Título: País opta por energia com mais CO2 e efeito estufa
Autor: Cristina Amorim
Fonte: O Estado de São Paulo, 20/01/2006, Vida&, p. A16

Quase 70% dos MW leiloados no País serão gerados por termoelétricas, que queimam combustíveis fósseis

O leilão de energia nova, realizado em 16 de dezembro, acabou por privilegiar a geração de energia suja em detrimento de uma mais limpa. Quase 70% dos 3.286 megawatts (MW) leiloados serão gerados por termoelétricas, que queimam combustíveis fósseis e lançam mais carbono na atmosfera do que as hidrelétricas. Se todas funcionarem ao mesmo tempo, elas lançarão mais 11,35 milhões de toneladas de gás carbônico (CO2) na atmosfera. O valor representa um aumento de 2,8% de toda a emissão do gás no País, que hoje é de cerca de 400 milhões de toneladas de CO2. Levando em conta apenas a quantidade emitida pelo setor energético, o crescimento é de 11%.

"Supersimplificadamente, estamos criando um Protocolo de Kyoto ao contrário para o Brasil", diz Roberto Schaeffer, professor da Coordenação de Pós-graduação de Engenharia da UFRJ (Coppe). Isso porque os países ricos que participam do acordo precisam reduzir em média 5,2% de suas emissões de gases que provocam o efeito estufa, basicamente mudando a base energética suja que utilizam. "Como o Brasil sempre teve uma base limpa, então qualquer mudança tem grandes conseqüências", afirma.

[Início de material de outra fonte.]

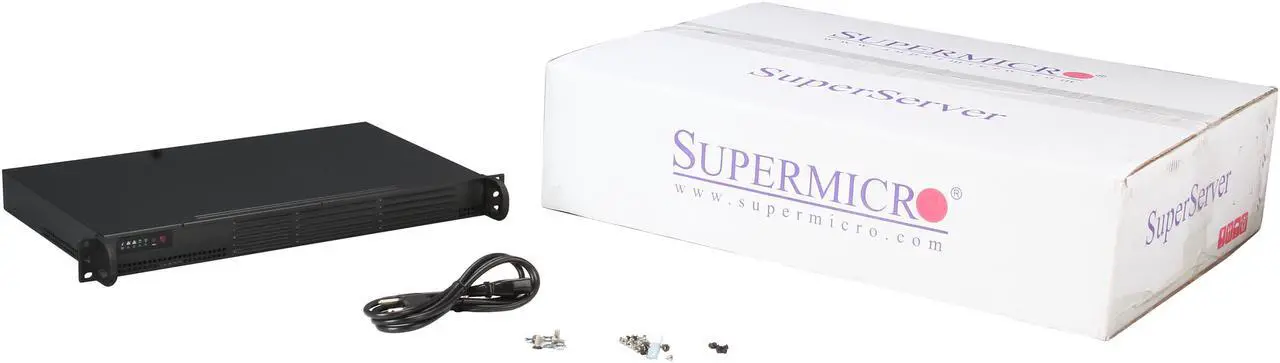 Alt view image 7 of 7 - BLACK 1U MINI SC504 CHASSIS W/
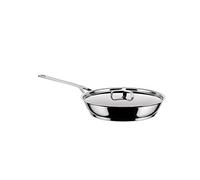 Alessi Poêle AJM110/28 Pots&Pans – 28 cm, acier inoxydable 18/10, poignée longue, induction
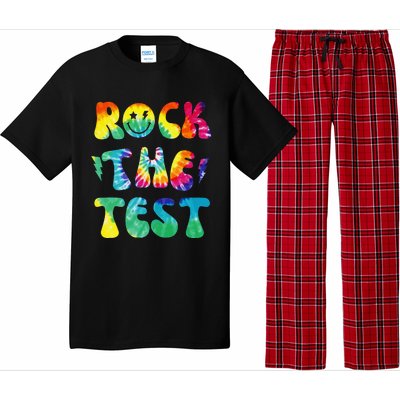 Rock The Test Testing Day Retro Motivational Teacher Student Pajama Set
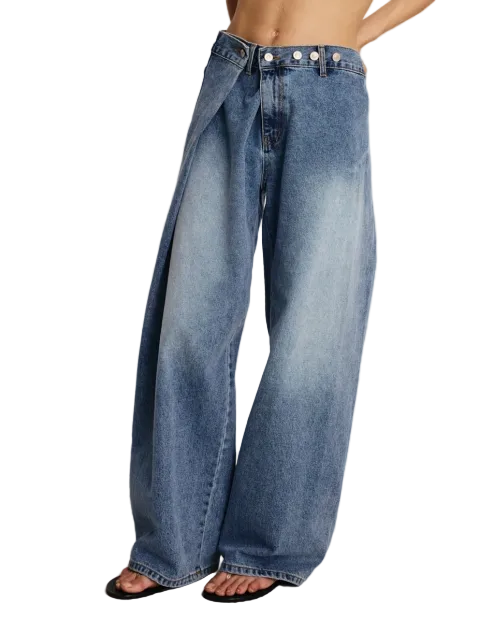 DROP EDITION Adjustable Bleu Jeans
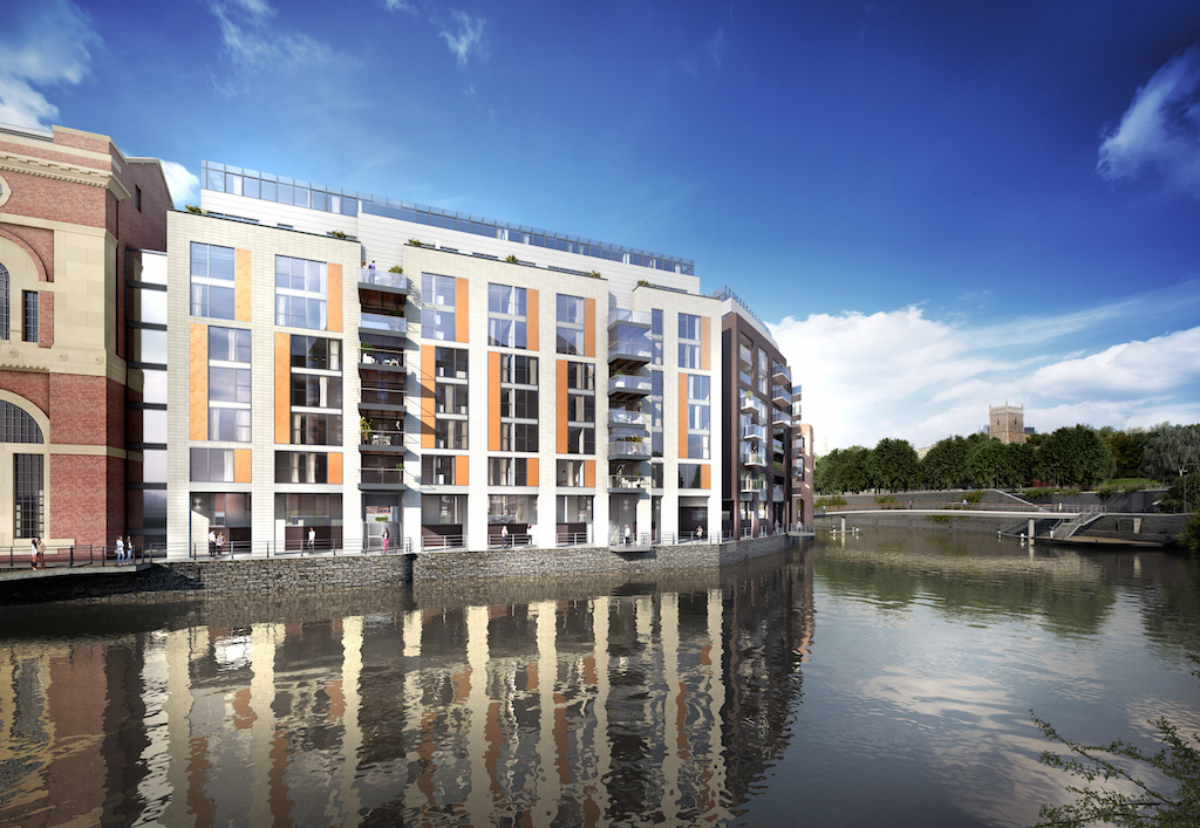The apartment will be built in two blocks at George’s Wharf and Hawkins Lane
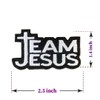 Team Jesus Iron On Patches Embroidered Applique Iron On for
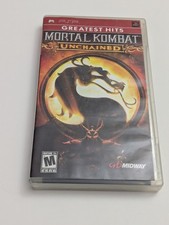 Mortal Kombat: Unchained Sony PSP PlayStation Portable Complete - Artwork Damage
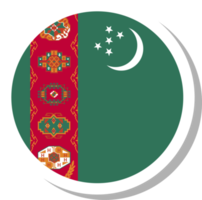 forma de círculo de bandeira do Turquemenistão, ícone da bandeira. png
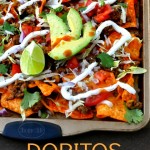 These Doritos Nachos are the perfect game day appetizer or a quick and easy meal! via firsthomelovelife.com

Segundo o secretário-executivo do Fórum Brasileiro de Mudanças Climáticas, Luiz Pinguelli Rosa, o resultado do leilão "nos coloca numa posição difícil", uma vez que a política ambiental propagandeada pelo Brasil no exterior é que privilegia hidrelétricas e biomassa.

Ficará mais difícil para o País se manter distante dos debates internacionais sobre tecnologias ambientalmente sustentáveis no setor. "O Brasil caiu numa armadilha, porque a tendência é que as termoelétricas continuem a ganhar espaço para suprir a necessidade energética do País. Ambientalmente falando, foi muito negativo", diz Pinguelli.

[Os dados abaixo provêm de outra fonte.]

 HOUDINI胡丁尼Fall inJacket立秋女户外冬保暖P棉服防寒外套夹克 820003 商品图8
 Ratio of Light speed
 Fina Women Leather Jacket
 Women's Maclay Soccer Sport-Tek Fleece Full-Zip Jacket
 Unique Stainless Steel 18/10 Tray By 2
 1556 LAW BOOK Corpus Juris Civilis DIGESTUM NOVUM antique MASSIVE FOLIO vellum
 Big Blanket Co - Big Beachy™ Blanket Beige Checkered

O secretário de Meio Ambiente de São Paulo, José Goldemberg, especialista em energia e um dos primeiros articuladores brasileiros na Convenção-Quadro das Nações Unidas sobre Mudança Climática, diz que o resultado do leilão foi um "desserviço": "O País não pode abandonar as hidrelétricas. É andar na contramão. O Brasil apresentado no exterior tem foco na biomassa, introduziu o etanol, e usa hidrelétrica. Vamos acabar perdendo esse perfil."

As termoelétricas que ganharam o contrato queimam gás natural, carvão ou óleo diesel para gerar energia. Somente 97 MW, ou menos de 3% da energia leiloada, virá da biomassa, de uso sustentável. Elas são ativadas quando há estiagem e o reservatório de água é baixo.

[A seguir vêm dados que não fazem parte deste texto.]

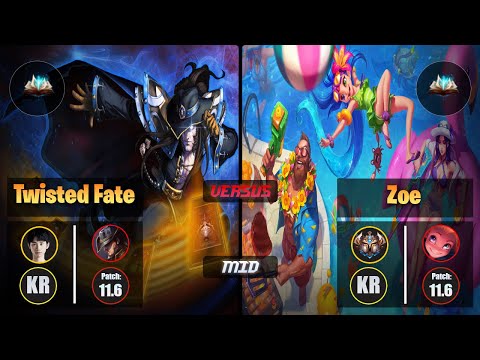 Doinb TWISTED FATE (Mid) [Unsealed Spellbook] VS ZOE - Challenger KR Patch 11.6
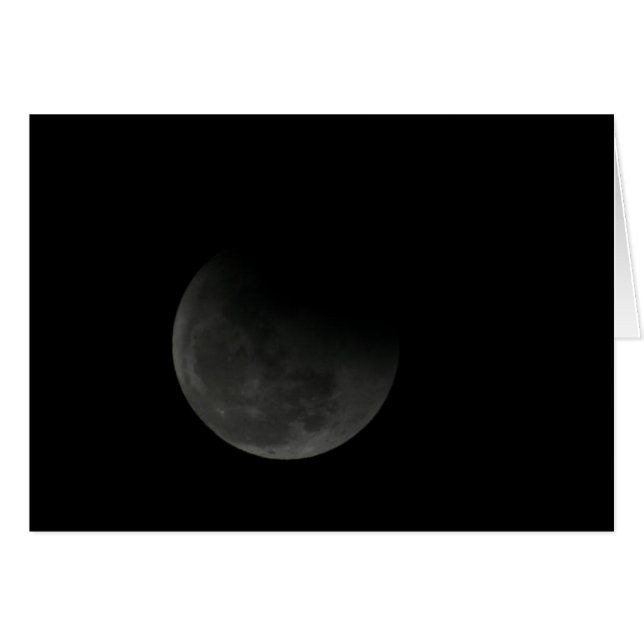 Förmörkelse Hälsningskort (Framsidan Horizontal)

Mesmo o gás natural, fonte menos poluente do que o carvão mineral, emite dióxido de carbono. "Globalmente, essa poluição não será sentida imediatamente. Mas esse é um gás que permanece na atmosfera por mais de cem anos", explica Schaeffer.

As hidrelétricas perderam espaço no leilão pela demora na obtenção do licenciamento ambiental, emitido por órgãos estaduais e o Ibama.

Em oposição, obter o licenciamento de uma termoelétrica é mais rápido, pois ela atinge uma área menor e existem menos passivos sociais a serem analisados. "Alguns dos projetos que participaram do leilão obtiveram a licença em dois, três meses", conta o presidente da Empresa de Pesquisa Energética (EPE), Maurício Tolmasquim. "Existe um preconceito quanto a hidrelétricas, como grandes degradadoras do ambiente. Mas uma usina movida a diesel é altamente poluidora."

Segundo o secretário de Qualidade Ambiental do Ministério do Meio Ambiente, Victor Zveibil, "não existe restrição a hidrelétricas, nem favorecimento a termoelétricas". Para Goldemberg, o problema é a lentidão dos empreendedores em cumprir as exigências. "A EPE não sabe o que é licenciamento ambiental. O processo é complicado."